"This test represents a significant advance in the application of genetic technology and paves the way for similar genetic diagnostic tests to be developed in the future," said Daniel Schultz, MD, director of FDA ™s Center for Devices and Radiological Health.
Cystic fibrosis is a serious genetic disorder affecting the lungs and other organs that often leads to an early death. It is the number one cause of chronic lung disease in children and young adults, as well as the most common fatal hereditary disorder affecting Caucasians in the United States. The disease affects about one in 2500-3300 Caucasian babies. Half of the people with cystic fibrosis die by the age of 30.
The Tag-It test identifies a group of variations in a gene called the "cystic fibrosis transmembrane conductance regulator" or CFTR gene that causes cystic fibrosis. FDA approved Tag-It based on a manufacturer study of hundreds of DNA samples showing that the test identifies the CFTR gene variations with a high degree of certainty. The manufacturer also provided FDA with a broad range of supporting peer-reviewed literature.

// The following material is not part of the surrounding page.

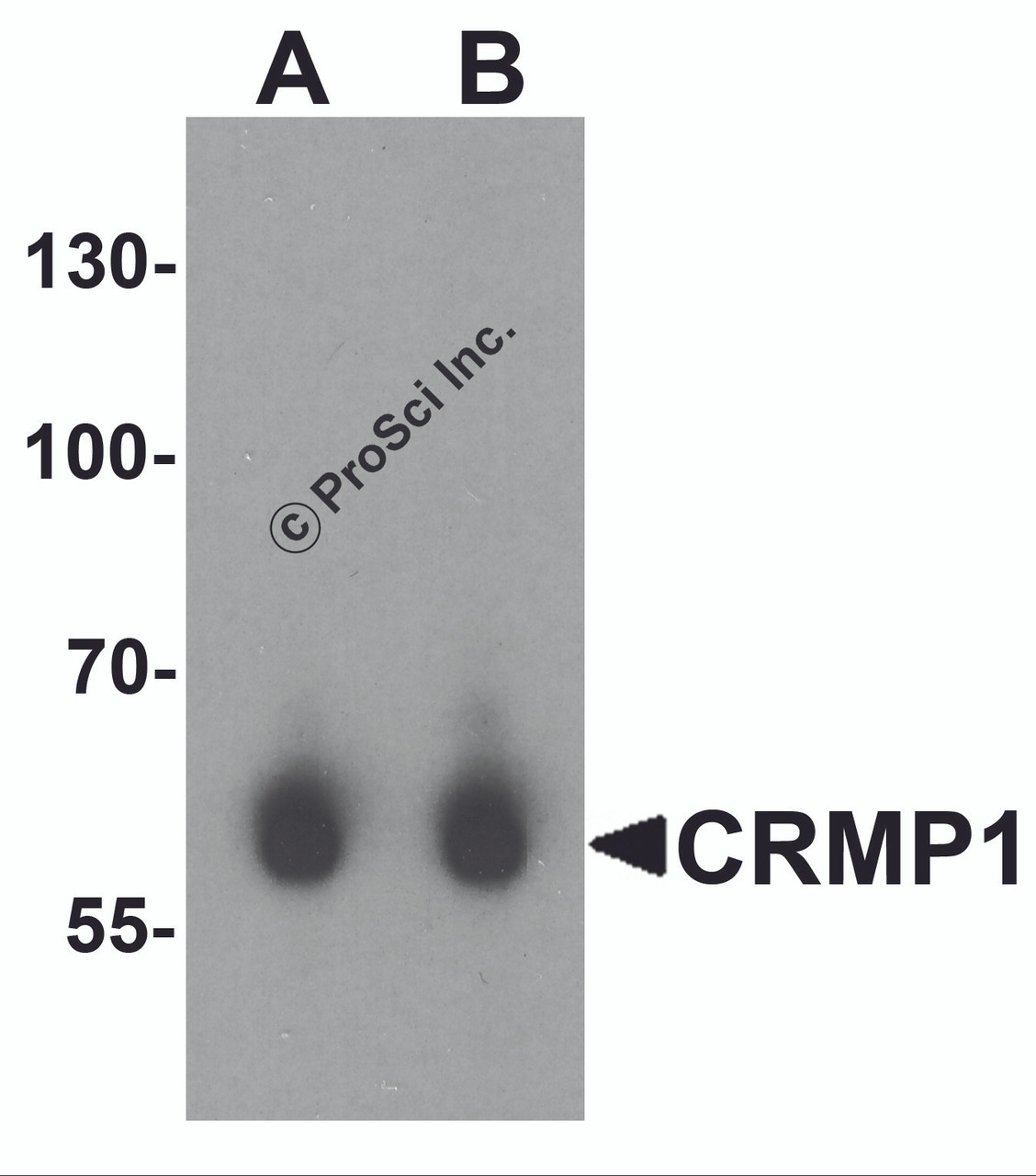 Western blot analysis of CRMP1 in human brain tissue lysate with CRMP1 antibody at (A) 1 and (B) 2 &#956;g/mL.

Since Tag-It detects a limited number of the more than 1300 genetic variations identified in the CFTR gene, the test should not be used alone to diagnose cystic fibrosis. Physicians should interpret test results in the context of the patient ™s clinical condition, ethnicity, and family history. Also, patients may need genetic counseling to help them understand their test results.
The Tag-It Cystic Fibrosis Kit is manufactured by Tm Bioscience Corporation of Toronto, Canada.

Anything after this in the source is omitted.